Thank you @Lord Garth for the quotes!:)
 
the idea of switching parts in an AU analogue of an event is a cool and clever idea.

But way too contrived, because it isn't a direct analog. It's set in 2259, a full 26 years before TWOK and 8 years before "Space Seed." It's a radically different situation in every respect, so it beggars credibility that any part of it would coincidentally happen to play out as a mirror image of a much later, entirely different Enterprise/Khan encounter in another timeline. It's a gratuitous bit of fan service that does not fit into the story.
 
It's a radically different situation in every respect, so it beggars credibility that any part of it would coincidentally happen to play out as a mirror image of a much later,

You could say this about all the Kelvin timeline films. The whole thing became contrived when they decided to make it an alternate universe instead of a reboot to appease fans. J
 
Thanks for the quotes, Lord Garth. Sounds like Meyer did a good job of avoiding being drawn into any editorial slant. I quite liked his answer to the rather ludicrous question about the use of profanity..
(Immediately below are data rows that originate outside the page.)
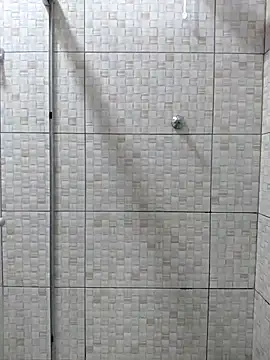 VitoriaFernandes online show from March 12, 4:35 pm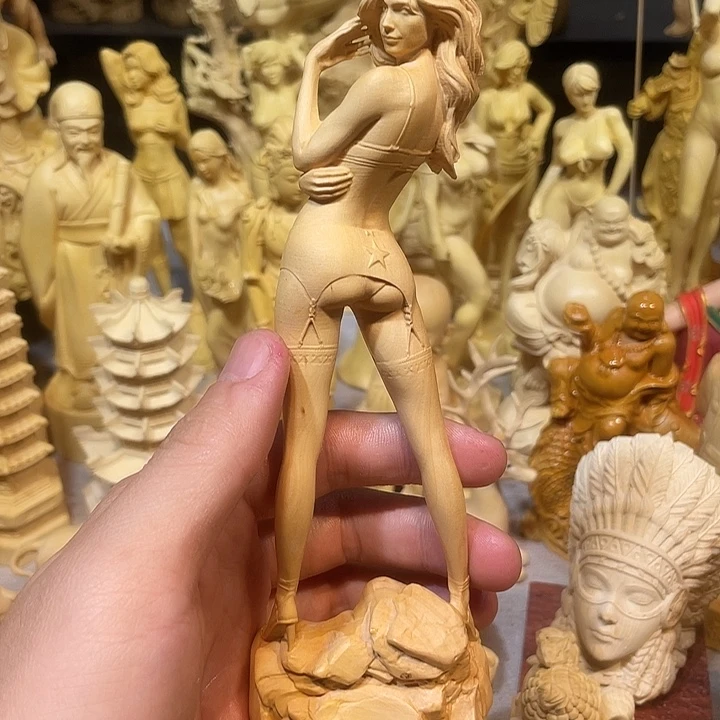 黄杨木黄杨木扭头美女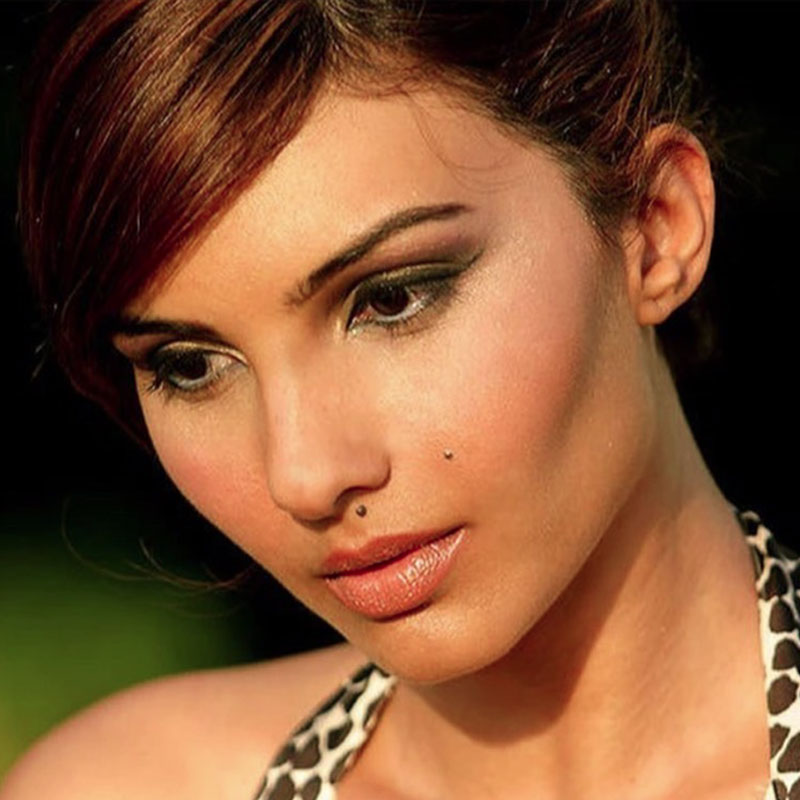 সোমির দাবি, সলমন নাকি মাঝেমধ্যেই তাঁর গায়ে হাত তুলতেন। বহু বার সলমনের কাছে শারীরিক হেনস্থার শিকার হয়েছেন বলে দাবি করেন সোমি।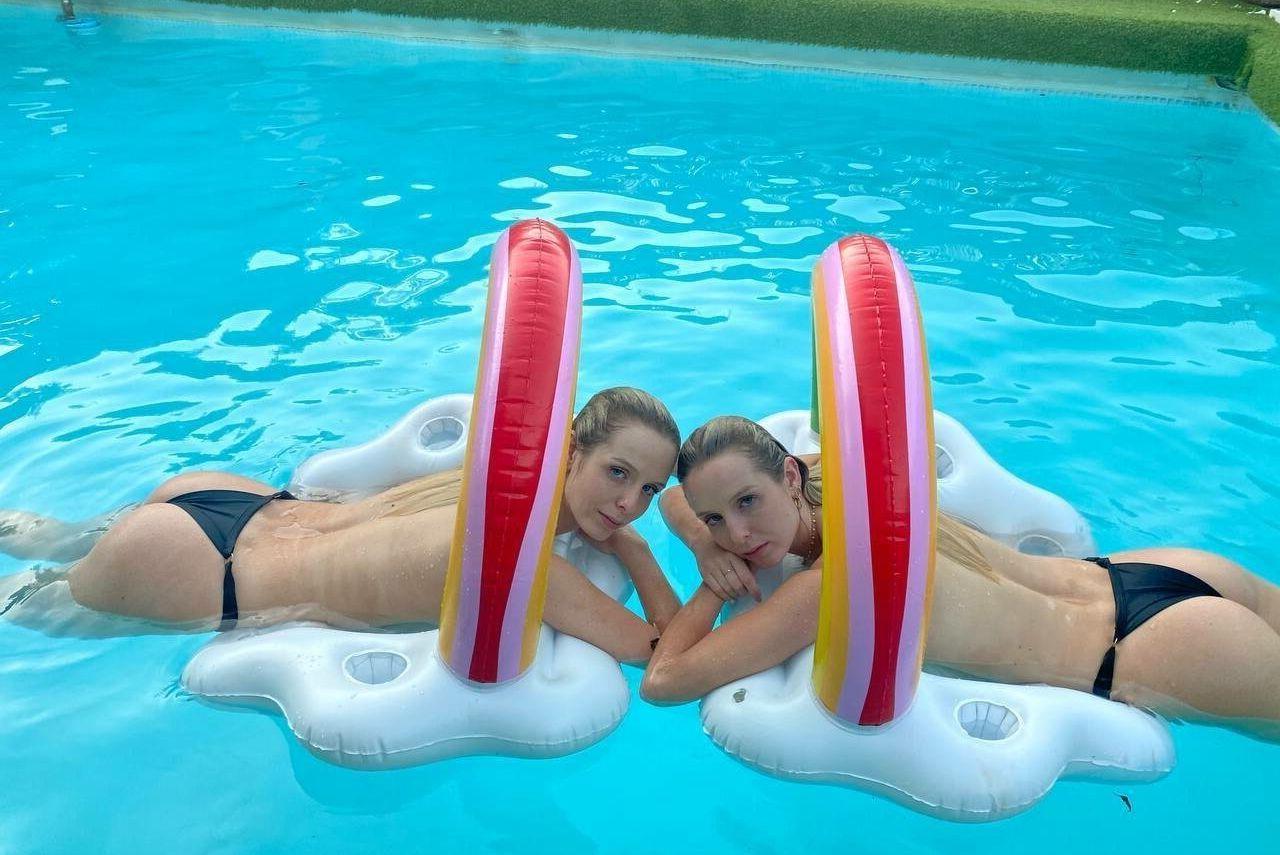 21P Twinsblonde nude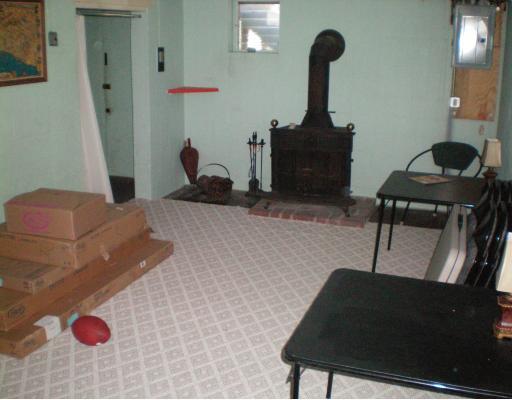 4918 Williamsport Road Elizabeth, PA 15037 - Photo 13 of 18 Den/Family/Great Room.
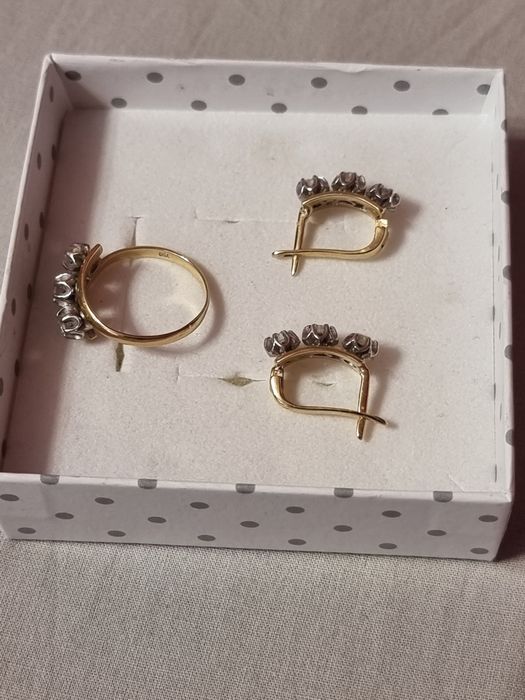 Złote kolczyki i pierścionek z diamentami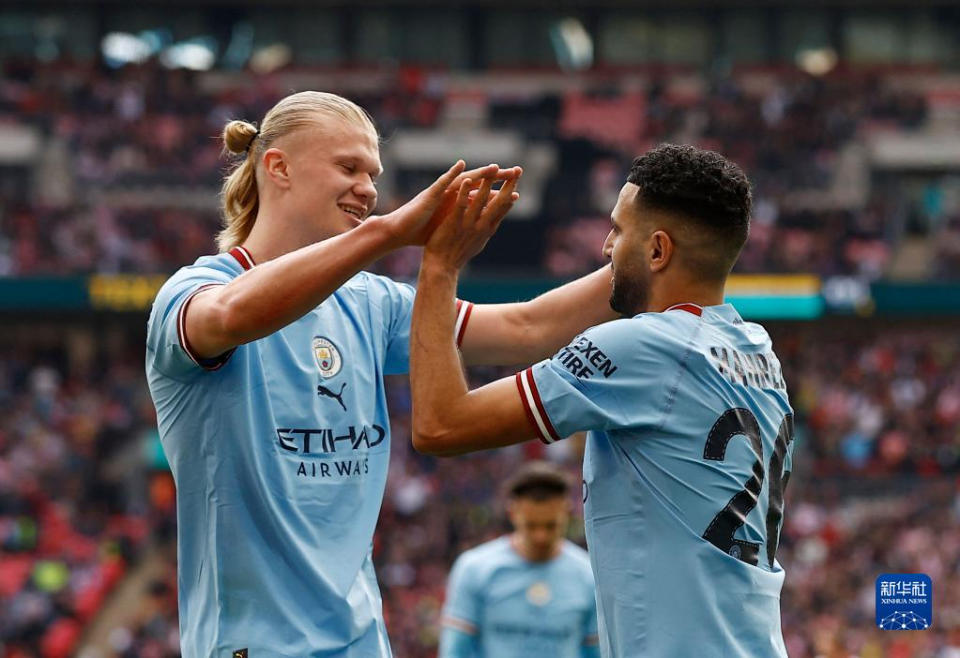 记者：因现场出现雷暴，沙特vs阿联酋比赛再次推迟，预计将取消（记者：现场雷暴致沙特对阿联酋之战再度延期，或将取消）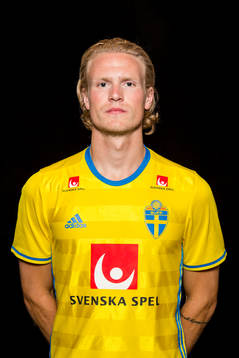 Oscar Hiljemark, spelare i Sveriges fotbollslandslag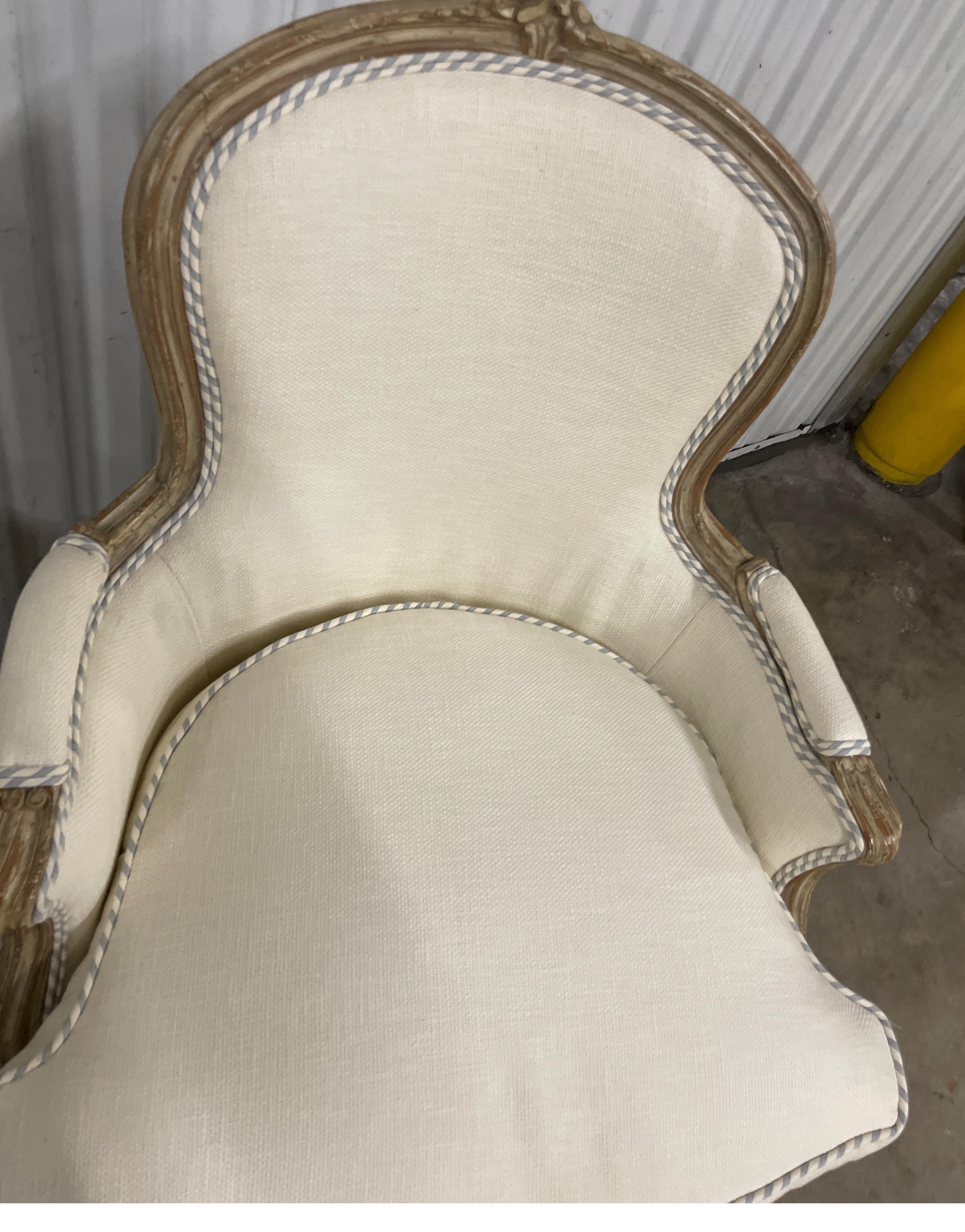 Paire de chaises Bergere de style Louis XV du 19ème siècle en vente 2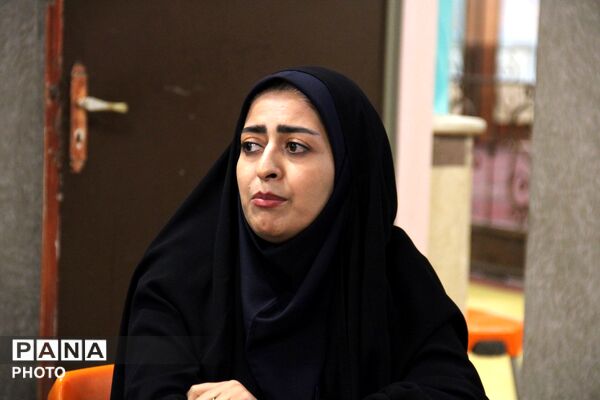 نشست صمیمی نایب رئیس مجلس شورای اسلامی با مربیان پیشتاز و خبرنگاران پانا همدان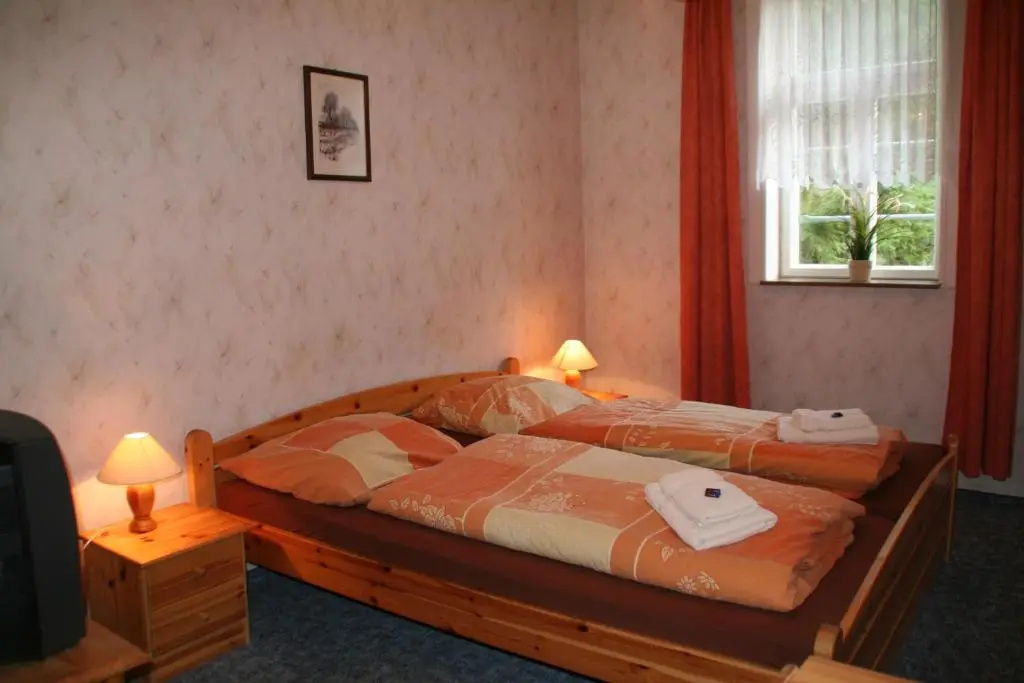 Economy Double room (full double bed)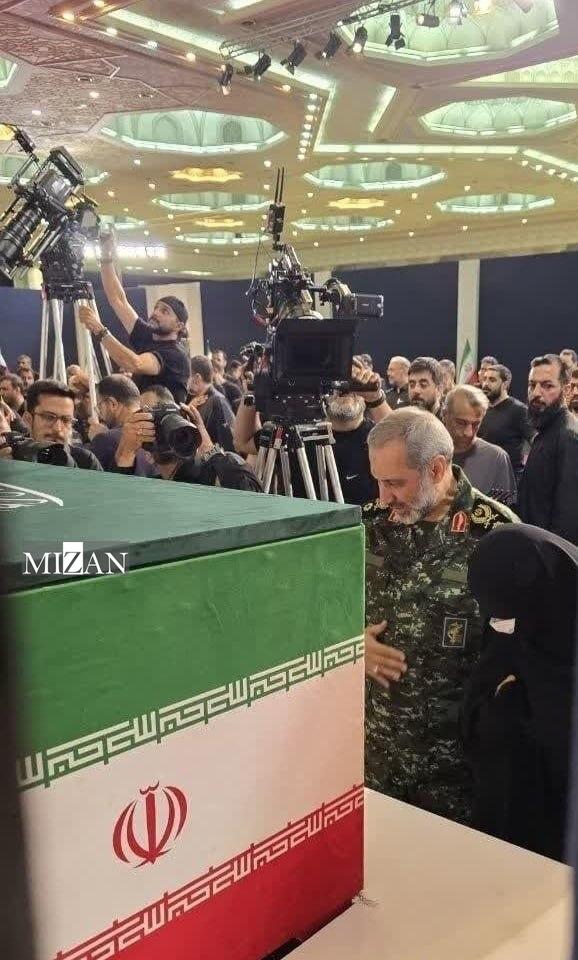 تصویری از وداع فرمانده هوافضای سپاه با رهبر شهید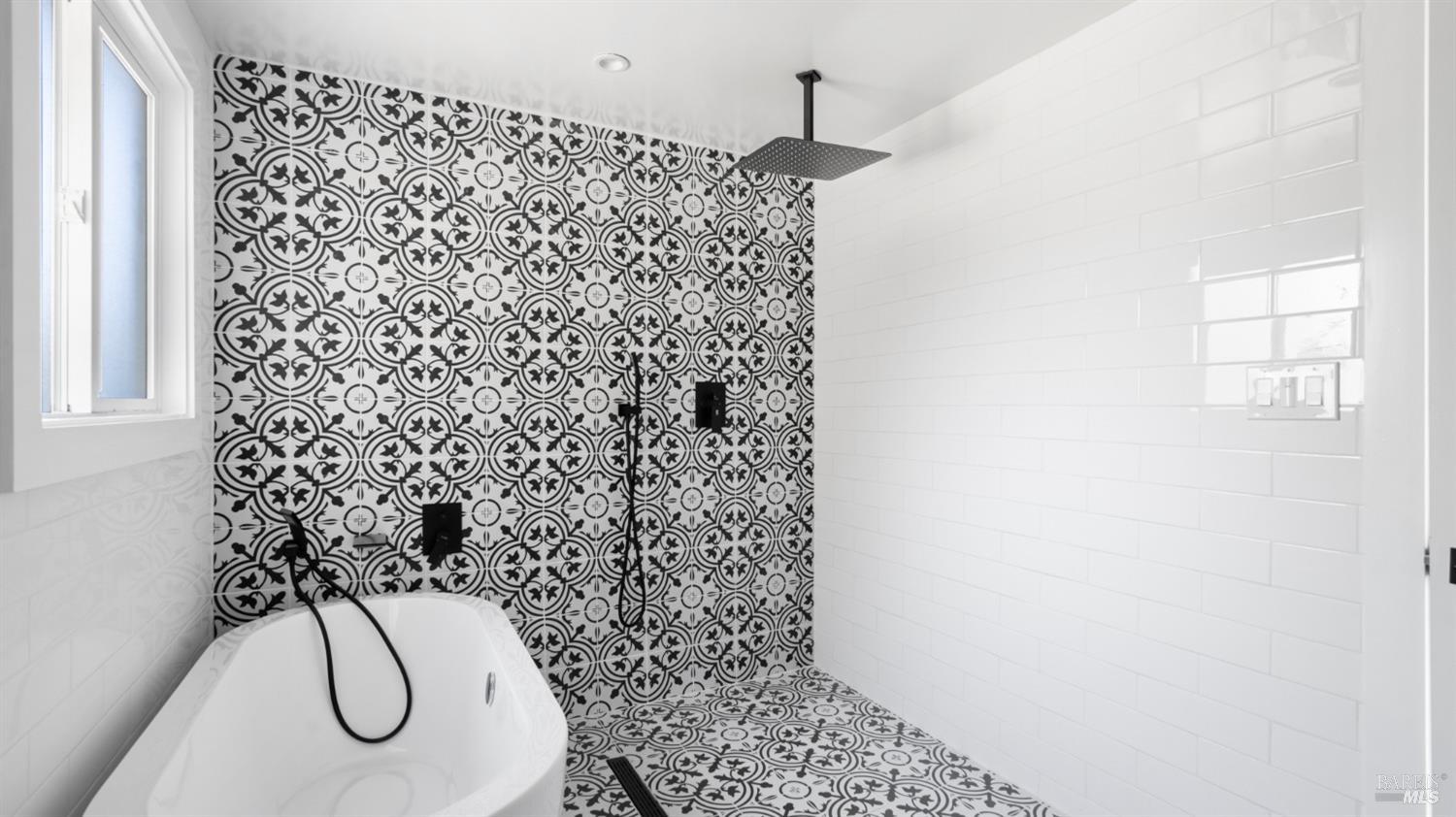 1510 Sir Francis Drake Blvd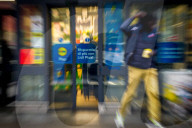 Donna accoltellata dal marito davanti al supermercato Lidl di Seriate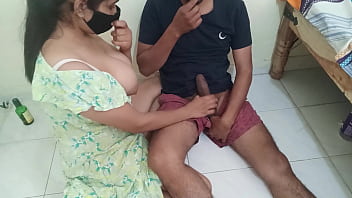 चुदासी मकान मालकिन ने किरायेदार लड़के को दारू पीते हुए पकड़ा फिर उसके बड़ा लण्ड अपनी चूत में लिया चुदासी मकान मालकिन ने किरायेदार लड़के को दारू पीते हुए पकड़ा फिर उसके बड़ा लण्ड अपनी चूत में लिया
I've been in that position more than once, where an interviewer keeps asking leading questions to get the sound byte they want. Happened to me with vampires, happened to me with Star Trek. Always kinda awkward.

In the case of vampires, the interviewer really wanted me to say that the rising popularity of vampire fiction said something scary and ominous about modern society and kept coming at that issue from different angles, hoping that I'd give the "right" answer eventually, but I kept shooting the notion down. Ditto when some guy from the New York Post wanted me to "confirm" that all us old-school Trekkies hate the reboot movies. He had a definite editorial slant he was pushing, too.

They want drama and "controversy."
 
I've listened to the interview a few minutes and just wish some there was some other dude asking the questions. I enjoy it more when there's some natural conversation between the people.